Over the same period, private generator use has more than doubled.

Between 2017 and 2022 the amount of diesel imported for use in private generators increased from $900 million a year to $1.9 billion.

In 2021 the private sector imported three times as much fuel as state-supervised oil installations.

A private generator subscription does not come cheap. Jabir charges around $100 a month for a basic package and is increasing his prices soon.

Lebanese households spend 44 percent of their monthly income on energy procurement, according to a Human Rights Watch report in March.

State energy supplier Électricité du Liban cannot provide enough energy for homes and businesses in LebanonReuters/Mohamed Azakir
Électricité du Liban provides only a few hours of power each day. A law that would break its monopoly is stuck
Big rise in personal solar, but power is not flowing back to grid

In an effort to save money, many people have turned to photovoltaic panels.

Between 2020 and 2022 the combined capacity of personal solar installations increased by 800 percent and the energy ministry now estimates it at over 1000MW.

This is despite the relatively large investment required — a basic system starts at around $3,000 — and the shortage of financing options.

Government officials say the increase in personal solar power capacity, which is now double their 2030 green transition targets for decentralised solar PV, is one of the few good things to come out of the crisis.

But Christina Abi Haidar, attorney at law firm Abi Haidar and a commission member of the International Union for Conservation of Nature’s World Commission on Environmental Law, sounds a note of caution. “This is not an energy transition,” she says.

While the increase in solar usage takes business away from diesel generators, the lack of regulation limits their potential.

The panels are not connected to the grid, so excess power created during sunny spells is either wasted or stored in batteries at a loss to total energy efficiency.

The upsurge in lithium battery use also threatens a refuse crisis in the near future.

“Soon your batteries will reach their expiry date,” says Abi Haidar. “Where are you going to throw your batteries?”.

A better approach, she argues, is to allow solar panel owners to sell excess energy to the grid and buy it back when needed.

This is one of the features of the Decentralised Renewable Energy law, which Abi Haidar began drafting in 2016 but has yet to be ratified.

The law also breaks EDL’s monopoly by allowing private investors to build up to 10MW of renewable energy capacity to sell to the grid.

While deeper issues within the energy sector require complicated reforms, the decentralisation law “is something that can be done now,” according to energy consultant Carol Ayat.

She thinks that, if it had been ratified before 2020, the increase in solar PV would have been more effective.

“We still believe that the private sector and economy will benefit from this law,” she says.

Yet it is making slow progress through Lebanon’s dysfunctional parliament.
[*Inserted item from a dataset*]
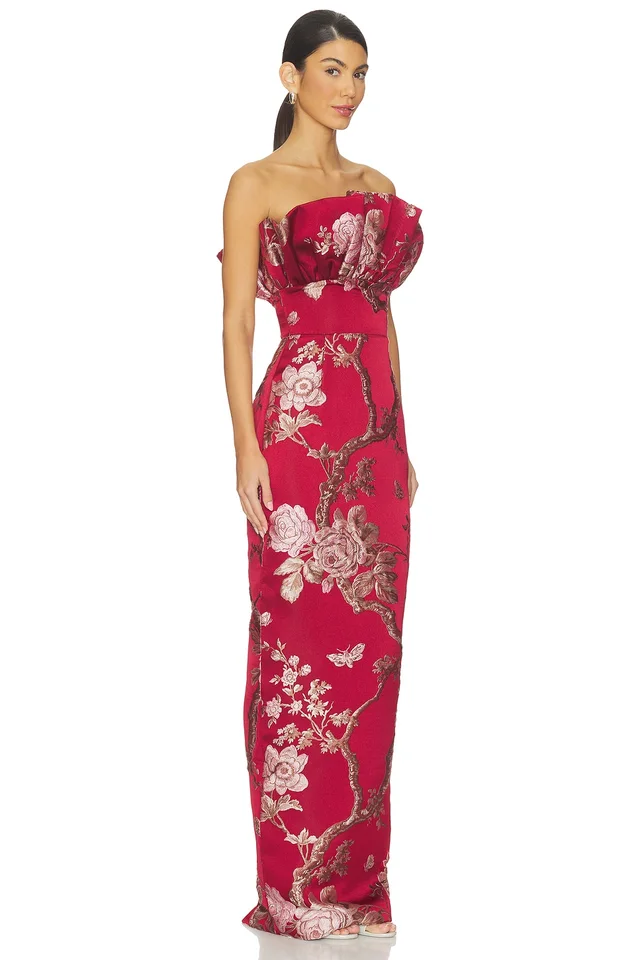 SAU LEE Noah Brocade Gown in Red Sangria, photo 2 of 4 from REVOLVE (Canada)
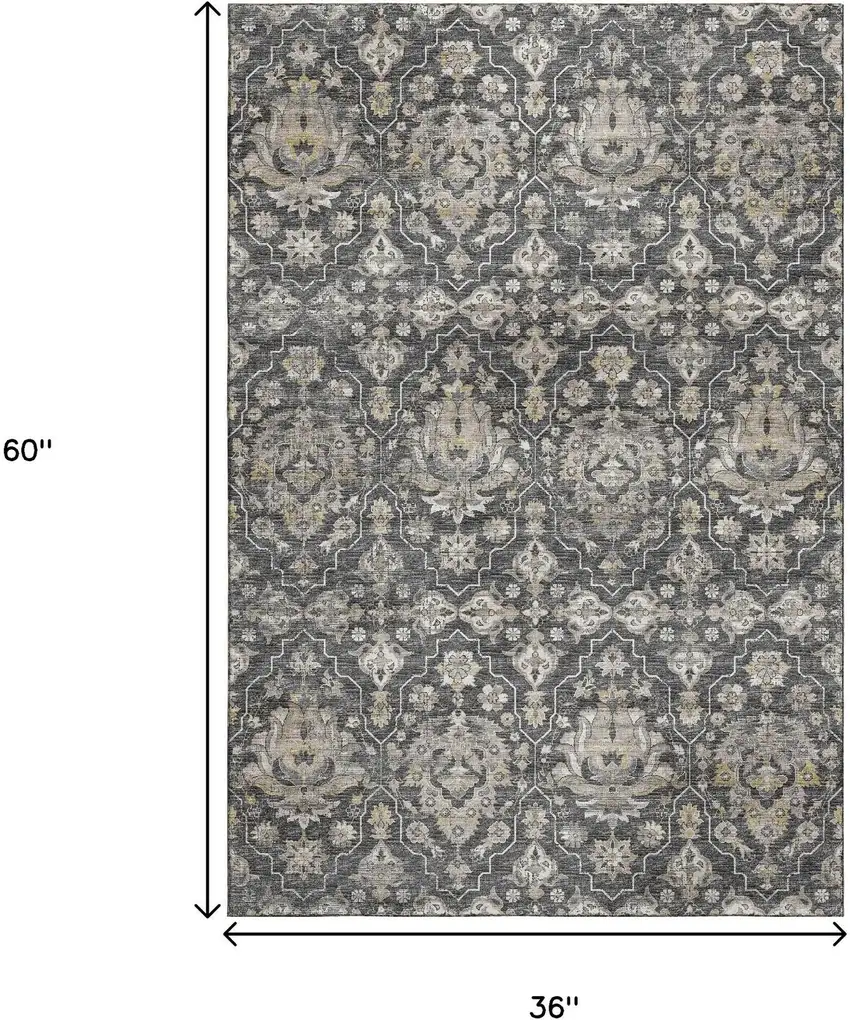Graphite Ivory And Gold Floral Medallion Washable Area Rug With UV Protection Photo 3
Abi Haidar says the energy ministry has begun seeking amendments to the law requiring private investors to get ministerial permission to sell energy in a way that she believes contradicts its central purpose.

“The main issue of the electricity sector is political,” she says. “It’s not technical.”

While government bodies fight to retain control of the energy market, the informal sector’s share continues to grow.

“We’re reaching a new kind of reality,” says Marc Ayoub, associate fellow at the Issam Fares Institute of Public Policy at the American University of Beirut.

“Some people, after the crisis, do not need EDL any more.”

In lieu of formal decentralisation, Ayoub says, “what’s happening is a chaotic decentralisation.”